My personal experience as a housewife has been a plethora of striving and failing and a sprinkle of some successes.  I know now that this is normal, and it is also the life of an entrepreneur.  So I’m hoping this job and season of my life will be great learning and preparation for the next season and pursuit  as I’ve learned that is often how each season of my life has been defined.

I love my husband and children, I do not regret doing what I’m doing, however there are times when other desires and goals I have compete for my mental attention.

I am a very driven and strong willed women, I always have been.  I was the eldest of my mothers children, but the 5th daughter of my father.  So though I spent most of my childhood as a first born, I always had an awareness since an age of understanding that I was not the oldest.  I do carry some of the typical traits of a first born though.

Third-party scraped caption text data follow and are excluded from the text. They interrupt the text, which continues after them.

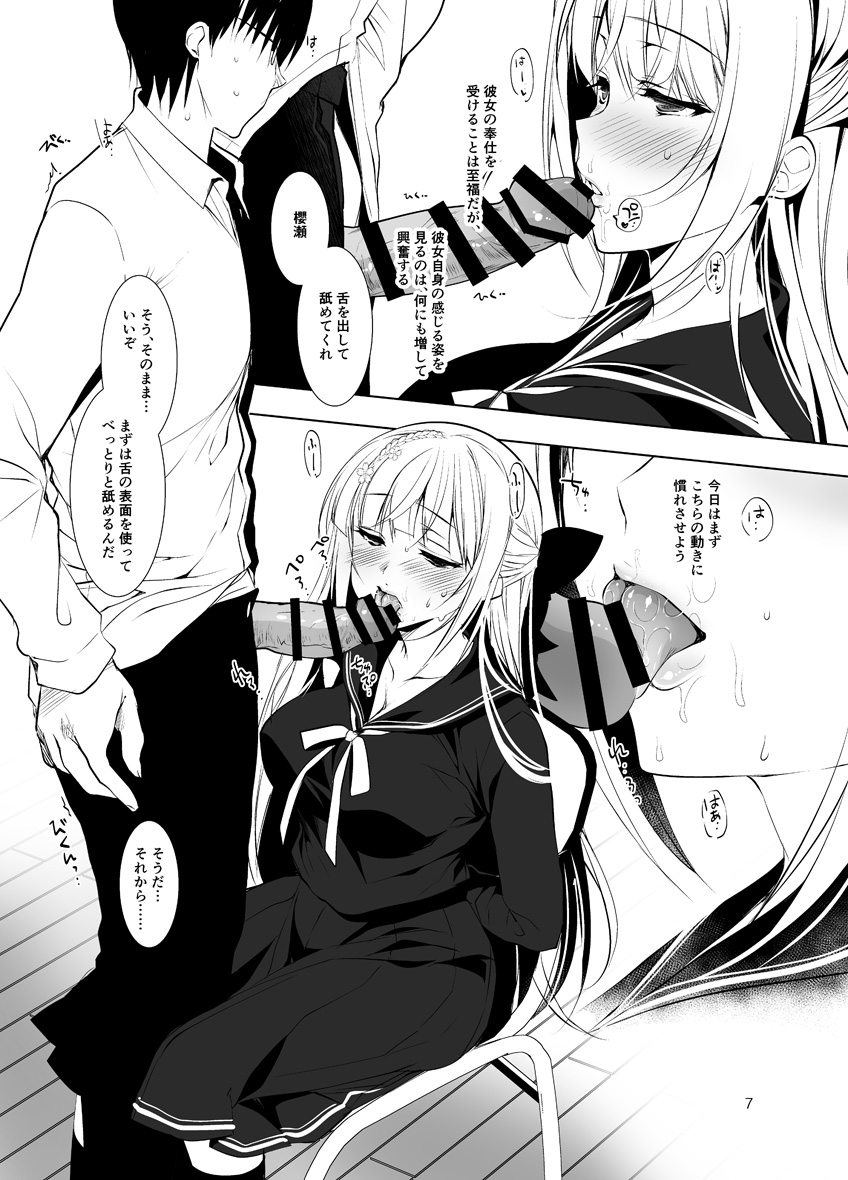 Shoujo Kaishun -Kyuushoku no Jikan- Fellatio Hen page 7 full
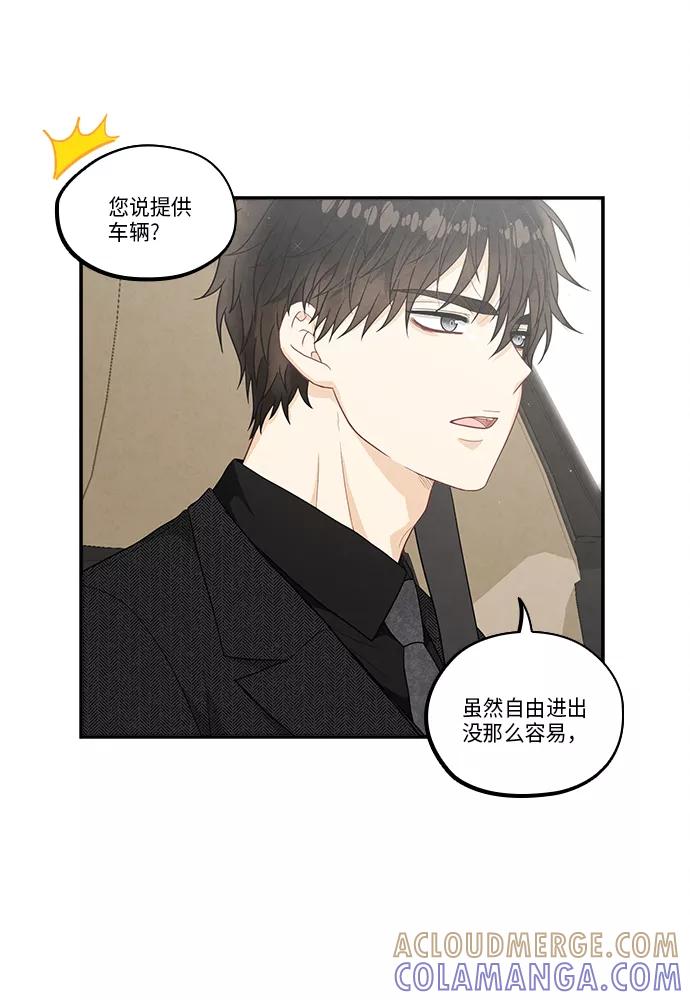 《扑通扑通爱情解锁》第34话 第40页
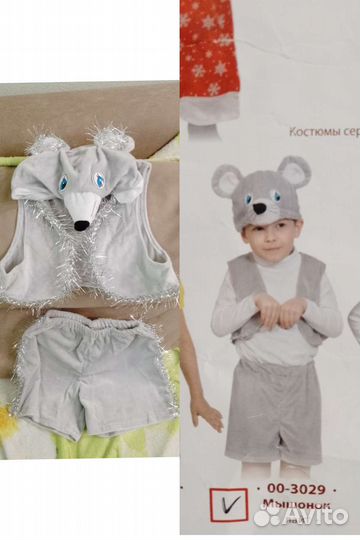 Новогодний костюм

  • Pre-disposed to leadership
  • Somewhat perfectionist
  • People pleaser

And so on…however I also had many experiences that molded me and changed my natural tendencies towards confidence in myself.

This is where I live out my somewhat mature stage of life.  Now in my thirties and married with kids.

My opinion is that myself and my American peers and the culture on average does not mature until we hit thirty-ish.  I thought I knew it all as a kid, and still tend toward an attitude of a know-it-all.  However I have learned to control my thoughts and mouth a little more than I used to, and this is an ongoing process of learning.

The great thing is that I’ve always been someone of inner humility though I’ve not always exemplified it, so I am always willing to grow, change, and admit when I’m wrong and learn from my mistakes.  One of the best things I ever learned about being a housewife is that your own goals are your most important achievements.